Reputation: 21
I am just playing around with multi-threading, but I can't seem to get it to work. I have looked at other questions, but none really help me. Here's my code so far:
import threading, time
def hello():
for i in range(1,5):
time.sleep(1)
print("Hello")
def world():
for i in range(1,5):
time.sleep(1)
print("World")
newthread = threading.Thread(hello())
newthread.daemon = True
newthread.start()
otherthread = threading.Thread(world())
otherthread.daemon = True
otherthread.start()
print("end")
I expect to get something like:
Hello
World
Hello
World
Hello
World
Hello
World
end
But instead I get:
Hello
Hello
Hello
Hello
World
World
World
World
end
Upvotes: 1
Views: 1256
Reputation: 25813
You want something like this:
import threading, time
def hello():
for i in range(1,5):
time.sleep(1)
print("Hello")
def world():
for i in range(1,5):
time.sleep(1)
print("World")
newthread = threading.Thread(target=hello)
newthread.start()
otherthread = threading.Thread(target=world)
otherthread.start()
# Just for clarity
newthread.join()
otherthread.join()
print("end")
The joins tell the main thread to wait on the other threads before exiting.

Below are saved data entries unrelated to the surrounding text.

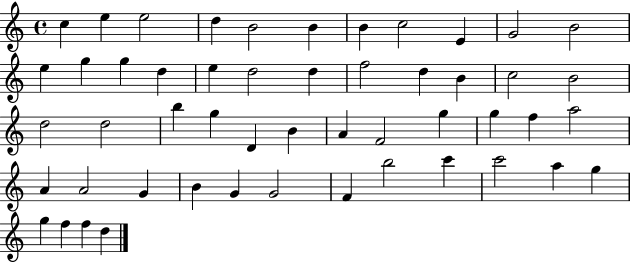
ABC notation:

X:1
T:Untitled
M:4/4
L:1/4
K:C
c e e2 d B2 B B c2 E G2 B2 e g g d e d2 d f2 d B c2 B2 d2 d2 b g D B A F2 g g f a2 A A2 G B G G2 F b2 c' c'2 a g g f f d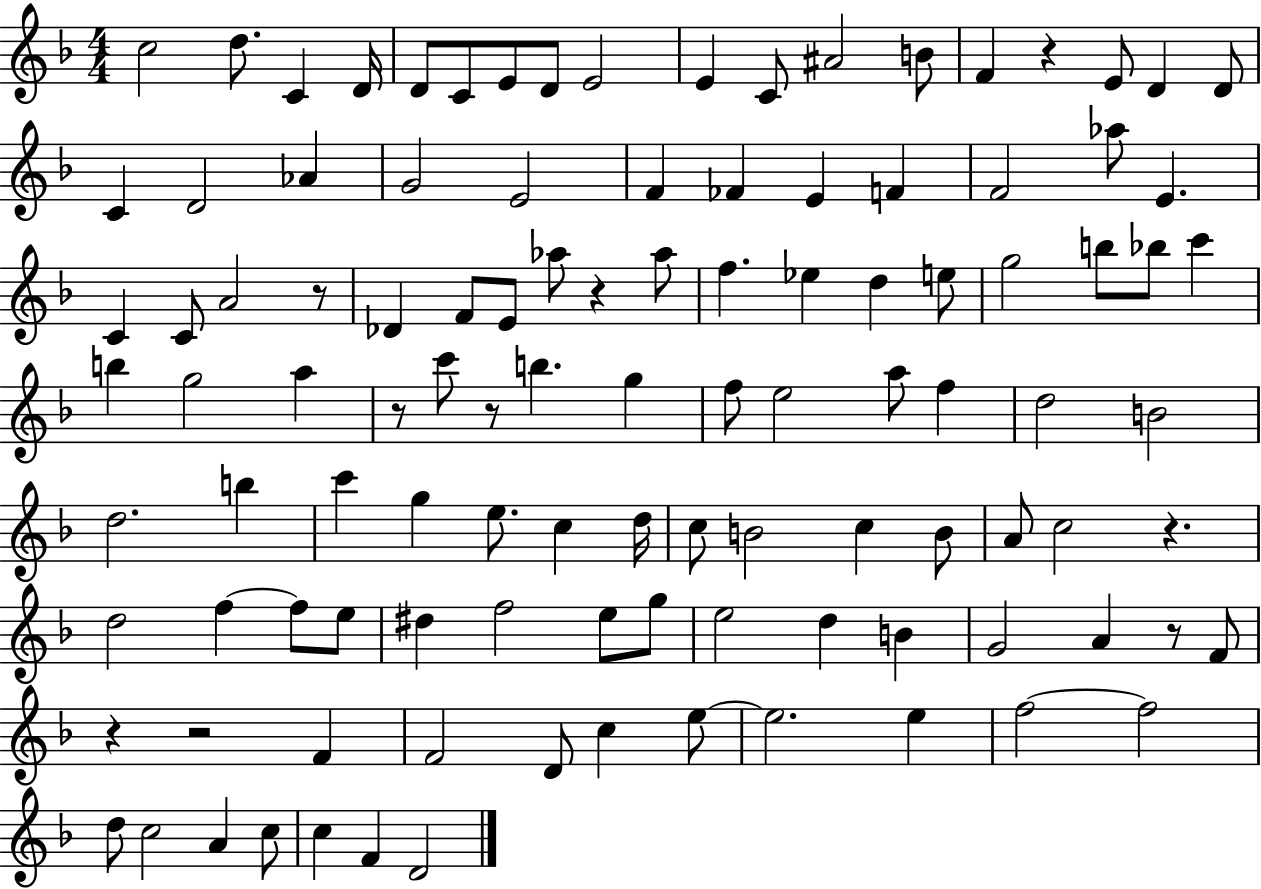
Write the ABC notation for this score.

X:1
T:Untitled
M:4/4
L:1/4
K:F
c2 d/2 C D/4 D/2 C/2 E/2 D/2 E2 E C/2 ^A2 B/2 F z E/2 D D/2 C D2 _A G2 E2 F _F E F F2 _a/2 E C C/2 A2 z/2 _D F/2 E/2 _a/2 z _a/2 f _e d e/2 g2 b/2 _b/2 c' b g2 a z/2 c'/2 z/2 b g f/2 e2 a/2 f d2 B2 d2 b c' g e/2 c d/4 c/2 B2 c B/2 A/2 c2 z d2 f f/2 e/2 ^d f2 e/2 g/2 e2 d B G2 A z/2 F/2 z z2 F F2 D/2 c e/2 e2 e f2 f2 d/2 c2 A c/2 c F D2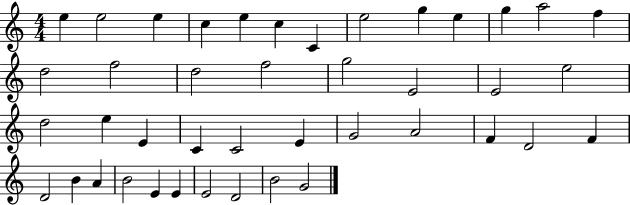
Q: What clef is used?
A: treble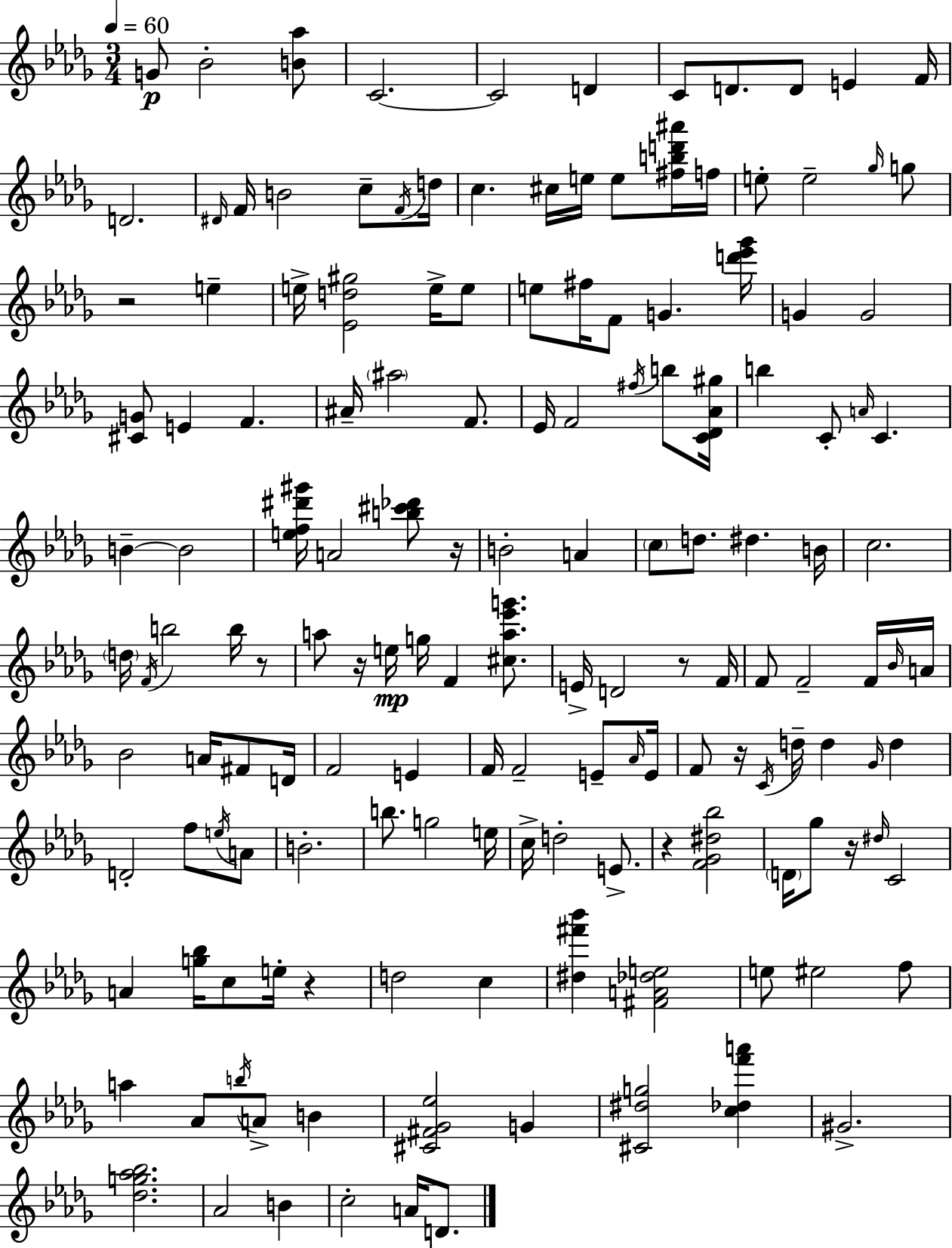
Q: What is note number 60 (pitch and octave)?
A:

If you want the main thread to exit without waiting set demon=True
and don't join. The output might surprise you a little bit, it's not as clean as you might expect. For example I got this output:
HelloWorld
World
Hello
World
Hello
WorldHello
Upvotes: 1
Reputation: 36013
threading.Thread(hello())
You called the function hello
and passed the result to Thread
, so it executed before the thread object even existed. Pass the plain function object:
threading.Thread(target=hello)
Now the Thread
will be responsible for executing the function.